# Fishneedit 150watt MH



## thefishmanlives (Feb 15, 2008)

Just setup my 150watt Metal Halide to go over my 29 gallon from fishneedit.com. Cost me $133 and you can get it with 6700 or 8000k bulbs (or higher K ones for Salt). I actually got one of the 6700 and one of the 8000k. Have only tried the 6700 so far and its Ok, its a little greenish for me but 6700 bulbs always are (I used 9325s when I had PCs). This is a great fixture. Comes with legs to mount if off the back of the tank so it fits any size tank, and also comes with a hanging kit. Ballast is magnetic but cant hear it at all, its inside my stand. Overall im really pleased with the fixture and Im glad I went with MH over T5HO. The shimmering affect is awesome and the legs allow me to mount it about 11" off the tank. Had it on for a few hours and its actually cooler then with my 65x2 PC and 20x2 t12 fixtures on it, so all those guys on here who said id have heat problems, step your game up and get off the bandwagon. Ive talked to a few people who have leggy plants with T5s (we are talking about the more the budget fixtures obviously not about teks or similar). My sole purpose is to have nice plants all the way to the bottom of the stem. So far I feel like this is going to be about the amount of light I wanted, especially with it mounted 11" off the tank. Right now Im runing it for 5.5 hours a day. If algae starts to become an issue, Ill hang it from the suspension kit and raise it up higher. Still can figure out how someone could say this would be too much light but a 4 bulbs t5ho fixture (tek, etc) wouldnt be. In conclusion, Im really really please with the light, it was a snap to setup, has a quality appearance and feel, and no major issues so far. we'll see how it goes from here. :smow:


----------



## bgzbgz (Jul 6, 2007)

133 for mh sounds like a good deal, where did you get it?


----------



## Left C (Jun 14, 2005)

Wow!!

Dang, that is very good info.

Geisemann sells T5 Midday bulbs at 6000K.

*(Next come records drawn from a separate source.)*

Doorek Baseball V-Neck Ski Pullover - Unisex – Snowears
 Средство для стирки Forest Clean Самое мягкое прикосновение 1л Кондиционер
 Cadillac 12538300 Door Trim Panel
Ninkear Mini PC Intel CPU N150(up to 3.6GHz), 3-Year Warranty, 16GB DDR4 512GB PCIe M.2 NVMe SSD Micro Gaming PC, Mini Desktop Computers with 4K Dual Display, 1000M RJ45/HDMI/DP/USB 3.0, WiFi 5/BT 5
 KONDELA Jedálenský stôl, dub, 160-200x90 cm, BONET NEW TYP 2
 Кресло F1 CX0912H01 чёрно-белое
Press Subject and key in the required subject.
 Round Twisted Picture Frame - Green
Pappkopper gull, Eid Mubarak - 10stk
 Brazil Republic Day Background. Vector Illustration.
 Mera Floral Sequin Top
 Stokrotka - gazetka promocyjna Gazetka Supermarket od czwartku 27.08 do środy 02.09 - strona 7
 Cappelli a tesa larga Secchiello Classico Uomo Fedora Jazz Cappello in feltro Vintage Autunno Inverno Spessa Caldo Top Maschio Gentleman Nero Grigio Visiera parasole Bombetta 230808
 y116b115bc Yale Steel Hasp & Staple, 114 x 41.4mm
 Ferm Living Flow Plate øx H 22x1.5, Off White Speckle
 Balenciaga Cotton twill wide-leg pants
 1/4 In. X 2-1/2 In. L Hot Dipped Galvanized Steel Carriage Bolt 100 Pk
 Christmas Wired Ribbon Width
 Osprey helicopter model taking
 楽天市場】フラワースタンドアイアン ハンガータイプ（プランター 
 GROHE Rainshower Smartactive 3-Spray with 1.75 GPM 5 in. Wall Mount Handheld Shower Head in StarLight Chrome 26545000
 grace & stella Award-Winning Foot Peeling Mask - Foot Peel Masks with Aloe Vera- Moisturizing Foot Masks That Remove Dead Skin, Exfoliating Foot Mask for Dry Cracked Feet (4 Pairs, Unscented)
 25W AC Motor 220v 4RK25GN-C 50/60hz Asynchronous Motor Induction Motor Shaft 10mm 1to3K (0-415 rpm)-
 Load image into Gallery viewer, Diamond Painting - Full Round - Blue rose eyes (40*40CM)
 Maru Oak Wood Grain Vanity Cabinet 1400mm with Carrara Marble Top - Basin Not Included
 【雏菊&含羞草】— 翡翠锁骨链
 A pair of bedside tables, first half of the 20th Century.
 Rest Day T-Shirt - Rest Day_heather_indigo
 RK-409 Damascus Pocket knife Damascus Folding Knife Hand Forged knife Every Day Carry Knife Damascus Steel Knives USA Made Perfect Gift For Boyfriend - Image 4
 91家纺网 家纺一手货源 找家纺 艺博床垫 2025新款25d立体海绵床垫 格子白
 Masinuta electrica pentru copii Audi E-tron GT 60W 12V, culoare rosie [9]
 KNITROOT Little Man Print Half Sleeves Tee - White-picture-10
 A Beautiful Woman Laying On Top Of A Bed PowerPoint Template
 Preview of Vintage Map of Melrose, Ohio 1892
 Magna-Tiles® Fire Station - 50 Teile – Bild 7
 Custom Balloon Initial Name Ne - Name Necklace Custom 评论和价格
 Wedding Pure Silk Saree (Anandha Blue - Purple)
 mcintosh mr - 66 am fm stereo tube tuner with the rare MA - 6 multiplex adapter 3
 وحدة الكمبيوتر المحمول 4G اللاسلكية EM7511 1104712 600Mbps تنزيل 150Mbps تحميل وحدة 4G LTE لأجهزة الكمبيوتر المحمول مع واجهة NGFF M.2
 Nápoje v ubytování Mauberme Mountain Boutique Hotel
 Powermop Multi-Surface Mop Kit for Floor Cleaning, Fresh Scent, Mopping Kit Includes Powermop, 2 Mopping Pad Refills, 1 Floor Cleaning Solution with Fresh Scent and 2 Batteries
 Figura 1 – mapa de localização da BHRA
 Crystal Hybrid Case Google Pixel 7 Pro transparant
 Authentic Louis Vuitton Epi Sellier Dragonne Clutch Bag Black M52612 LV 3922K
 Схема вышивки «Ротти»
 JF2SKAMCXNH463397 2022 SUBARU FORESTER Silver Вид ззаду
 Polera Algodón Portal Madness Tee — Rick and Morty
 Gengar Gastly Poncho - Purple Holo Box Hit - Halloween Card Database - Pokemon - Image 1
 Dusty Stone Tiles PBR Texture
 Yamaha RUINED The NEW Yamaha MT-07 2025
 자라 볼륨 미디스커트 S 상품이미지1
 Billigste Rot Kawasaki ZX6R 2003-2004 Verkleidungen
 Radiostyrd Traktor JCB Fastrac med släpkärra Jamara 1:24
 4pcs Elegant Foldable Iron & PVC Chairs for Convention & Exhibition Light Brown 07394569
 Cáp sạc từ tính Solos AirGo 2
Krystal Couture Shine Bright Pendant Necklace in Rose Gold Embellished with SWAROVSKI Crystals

Orlando knows of a place that sells the Aqua flora bulbs, bulbs but they have a different name. There are also other bulbs available.


re are other bulbs offered.


----------



## thefishmanlives (Feb 15, 2008)

www.fishneedit.com i love this lamp...the MH light looks so sweeet


----------



## thefishmanlives (Feb 15, 2008)

btw, i installed the 8000k bulb and this is the one to get from them. Not as red as the GE 9325, which is my fav, but way better then the 6700 which im not big on.


----------



## thefishmanlives (Feb 15, 2008)

btw, i installed the 8000k bulb and this is the one to get from them. Not as red as the GE 9325, which is my fav, but way better then the 6700 which im not big on.


----------



## stuckintexas (Aug 12, 2008)

hey im looking at getting a MH light and i found a coralife aqualight 150W for 300 dollars, this is half that price. why do you think there is such a price gap? looks like you have been running this for two months, how is it so far? i wont be able to hang it from my ceiling so i would be using the mounting arms. do they look durable? which way do you have it mounted?


----------



## stuckintexas (Aug 12, 2008)

how is the light? does it have much spill off into the room? thanks.


----------



## bgzbgz (Jul 6, 2007)

stuckintexas said:


> hey im looking at getting a MH light and i found a coralife aqualight 150W for 300 dollars, this is half that price. why do you think there is such a price gap? looks like you have been running this for two months, how is it so far? i wont be able to hang it from my ceiling so i would be using the mounting arms. do they look durable? which way do you have it mounted?


The coralife is hqi this is mogul. 2 different kinds of mh.


----------



## kwc1974 (Jan 4, 2006)

bgzbgz said:


> The coralife is hqi this is mogul. 2 different kinds of mh.


But the website clearly state HQI MH not mogul.

also everything I have read about this light is good so far. Might pick up a few when thay are back in stock.


----------



## bgzbgz (Jul 6, 2007)

Sorry it is HQI.


----------